Symeon also gives us an example of how we should receive the Lord. The short passage in Luke’s Gospel just before Symeon takes the child Jesus into his arms mentions the Holy Spirit three times. First, it says that ‘the Holy Spirit was upon him’; then Luke continues that it had been revealed to him ‘by the Holy Spirit’ that he would see Christ; therefore, ‘he went to the temple ‘in the Spirit’. In this way, it is clear that if we want to have communion with Jesus Christ, we must also ‘walk in the Spirit’, as saint Paul writes (Gal 5:16,25), i.e. live a spiritual life, attentive to the promptings and impulses of the Holy Spirit, whom the Father has sent into our hearts.
III
A final point of meditation may be the effects of the Presentation of the Lord. These are expressed in the ‘Nunc dimittis’, which the Church still prays every evening. The text speaks of ‘peace’, ‘enlightenment’ and the ‘marvel’ or amazement of saint Mary and Joseph.
Peace is a well-known effect both of the Holy Spirit and of supernatural love. It is often the case that we have various desires and inclinations that we cannot fulfil all at the same time. Or that we do not exactly know what we desire. And so, we are uneasy and restless. The love of Christ however, gives us true peace, because as Symeon says ‘my eyes have seen the salvation, which you have prepared for all the nations’. If we dedicate ourselves to Christ as we see him through faith, we will experience true peace, because we will order all our desires and efforts to him.
Enlightenment or wisdom is a gift of the Holy Spirit. It may be that not only our desires are disordered but also our thoughts. We are confused regarding worldly or spiritual matters. Or we do not understand how to relate various events of our lives or in the world around us to God’s will. Especially the gift of wisdom can help us with this, as it allows us to see everything from a supernatural perspective and order all things to God. In God’s wisdom, we see everything ‘in God’, as it were.
Finally, Luke writes that the parents of Jesus ‘marvelled at the things spoken of him’. This can be understood as a spiritual experience in the sense that the contemplation of the mysteries of faith naturally leads us to marvel and amazement. As an unknown Greek writer comments on this passage: ‘The knowledge of supernatural things, as often as it is brought to the recollection, renews the miracle in the mind’. Hence, when we contemplate the Lord, a kind of miracle takes place in our mind, so that we are filled with awe and amazement as see God through faith.
*
Let us therefore turn to the Lord and ask him for true faith in the mystery of his presentation.

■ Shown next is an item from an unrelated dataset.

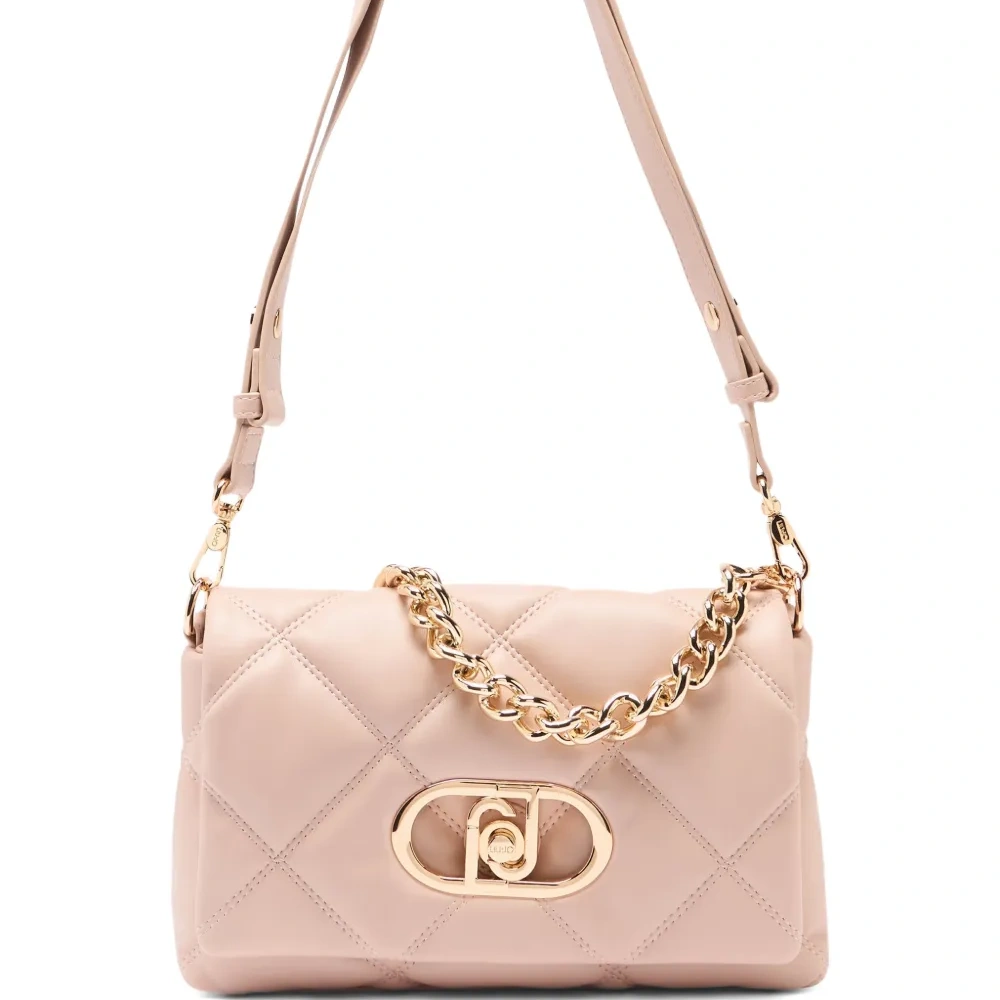 Стеганая сумка на плечо LaPuffy с металлическим логотипом Стеганая сумка на плечо LaPuffy с металлическим логотипом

Let us pray that we may present ourselves to God the Father in and through him, Jesus Christ the Lord, through the intercession of the blessed virgin Mary and her spouse, blessed Joseph. Let us ask for the grace to receive him in our arms in faith and charity, led by the Holy Spirit, as saint Symeon. And let us finally pray, that we may be liberated from all restlessness and confusion so as to obtain a foretaste of the marvels of heavenly glory. + Amen.